Cypra Cecilia Krieger Dunaj

Quick Info

9 April 1894
Jasło, Galicia, Austrian Empire (now Poland)
17 August 1974
Ontario, Canada

Cypra Cecilia Krieger Dunaj was the first woman to earn a PhD in mathematics from a Canadian university and only the third person to be awarded a mathematics doctorate in Canada. She is best known for her English translation of Sierpinski's Introduction to General Topology (1934) and General Topology (1952)


Cecilia Krieger's parents were Moses Krieger (1860-1929) and Sarah James (1863-1936) who were merchants in the grocery trade. Let us say a little about names before we continue. The family were Jewish and sometimes used both the Hebrew versions of their names. For example the Jewish Burial Register gives "Name: Cecilia Krieger Dunaj. Hebrew Name: Cipora" while her father Moses sometimes used the Hebrew form "Moshe". Within the family, Cecilia was often known as "Cesia" and Sarah as "Sercha Bela". Moses and Sarah were both born in Radomyol, Galicia, Austrian Empire and were married in 1886.

Cecilia was born into a large family with her parents Moses and Sarah having three daughters and three sons. Cecilia was the oldest of the three girls, the younger two being Regina Krieger (1896-1958) and Rachel Krieger (1901-1978), known as "Rae". Her brothers, all older than her, were Samuel Krieger (1887-1959), Charles Krieger (1889-1929) and Nathan Krieger (1891-1961). Cecilia attended school in Poland but then went to Vienna in 1919 where she entered the University of Vienna to study mathematical physics.

The persecution of Jews made life extremely difficult for the Krieger family. Cecilia's brother Samuel had emigrated to Canada in 1906 and her brothers Charles and Nathan joined him in Canada in the following year. The 1911 census records Samuel and Charles living together in Wellington North, Ontario; both are merchants. Samuel married Toronto born Annie Samuels on 29 December 1912, Charles married Austrian born Mary on 18 September 1915 and Nathan married Sadie on 22 December 1916.

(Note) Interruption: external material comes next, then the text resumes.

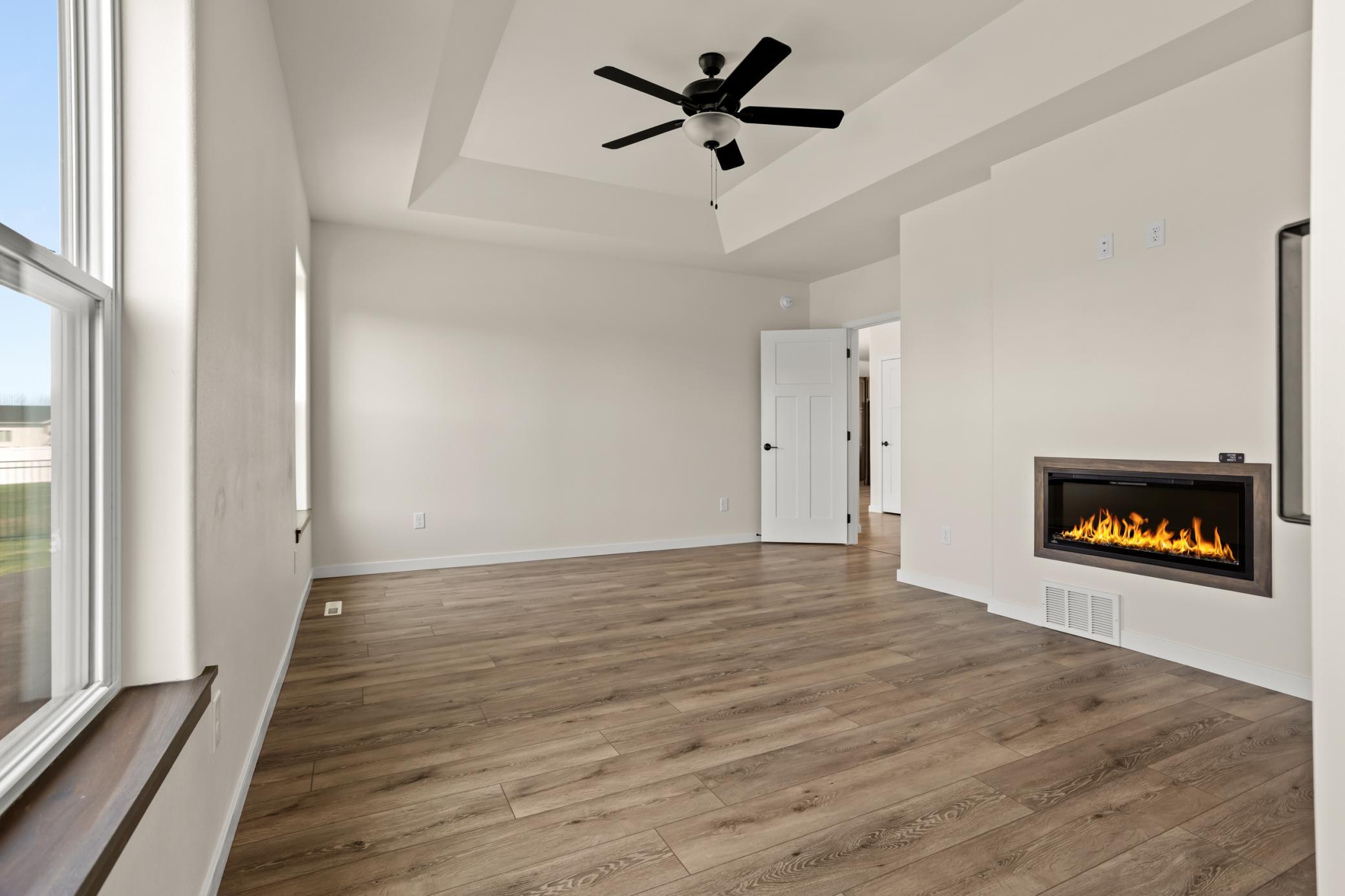 main suite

It was Cecilia's brother Samuel who sponsored his father, mother and sisters to escape to Canada. This they did in 1920 and arrived in Toronto where Cecilia entered the University of Toronto. The Canadian Census on 1 June 1921 records Cecilia living with her parents and her two sisters at 53 Leonard Avenue, Toronto. Her occupation is recorded as university student. Beginning university studies in Toronto was certainly no easy task for Cecilia since at the time that she arrived she knew hardly a single word of English. An added complication was the fact that she had to support herself financially and this she did by working in the Muskoka Inn while she studied at University. Despite all these difficulties she was awarded her BA degree in 1924 and her MA degree in 1925. To qualify for the Master's Degree she took graduate level courses on: Modular Elliptic Functions given by Jacques Chapelon; Minimum Principles of Mechanics given by John Lighton Synge; The Theory of Sets given by Samuel Beatty; The Theory of Numbers given by John Charles Fields; and The Theory of Functions given by William J Webber.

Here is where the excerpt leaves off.